In the 1982 General Elections, the MCA won an unprecedented landslide victory, and the MCAproclaimed that the Malaysian Chinese have demonstrated its confidence and trust in MCA leaders. This was described as a ‘great political breakthrough’ for the Malaysian Chinese. and the MCA pledged to honour its role as the only legitimate champions of the five million Malaysian Chinese in the country.
Forty months later, UMNO is about to carry out the eviction notice issued by Deputy Prime Minister and Deputy UMNO President, Datuk Musa Hitam in December last year, that MCA get out of the Barisan Nasional until it could sort out its party differences.
If the MCA and its leaders, whatever their faction, are sincere and genuine in their profession that they are the legitimate champions of the five million Malaysian Chinese, then the least they should do is to ensure that he integrity, dignity and autonomy of MCA would not be threatened, undermined or emasculated by any other party, even if it is the Big Brother, UMNO.
When faced with a threat coming from UMNO that MCA should leave the Barisan Nasional until it had sorted out its differences, one would have expected both the feuding MCA factions, whether Neo Yee Pan and an Koon Swan, to tell UMNO leaders in one voice that the MCA’s party differences is an internal MCA matter and that UMNO should leave them alone.
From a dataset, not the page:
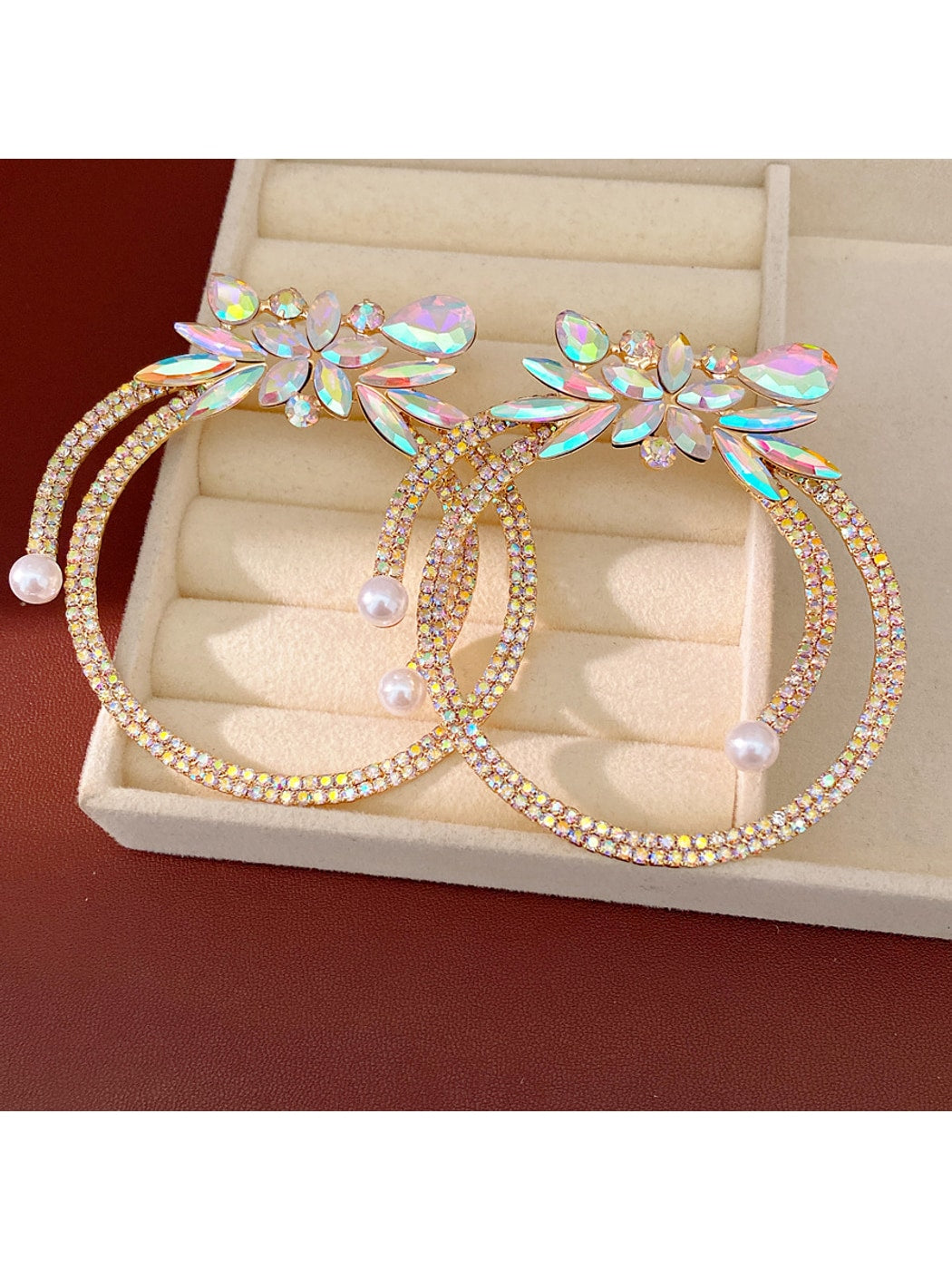 Earedge - Geometric Rhinestone Round Earrings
This did not happens We see the Tan Koon Swan faction instead waiting eagerly and patiently for the MCA to be thrown out of the coalition believing that this would be a favourable development for the Tan Koon Swan faction in its ‘fight—to—the—death’ with the Neo faction.
The MCA could not be faced with a more dishonourable and shameful situation — to be told that they should leave Barisan Nasional like naughty boys being told by school—teachers to leave the class until they have repented their ways! If under these circumstances, the MCA leaders whatever their faction could not unite, what right have they to go round calling on Chinese to unite under the banner of the MCA?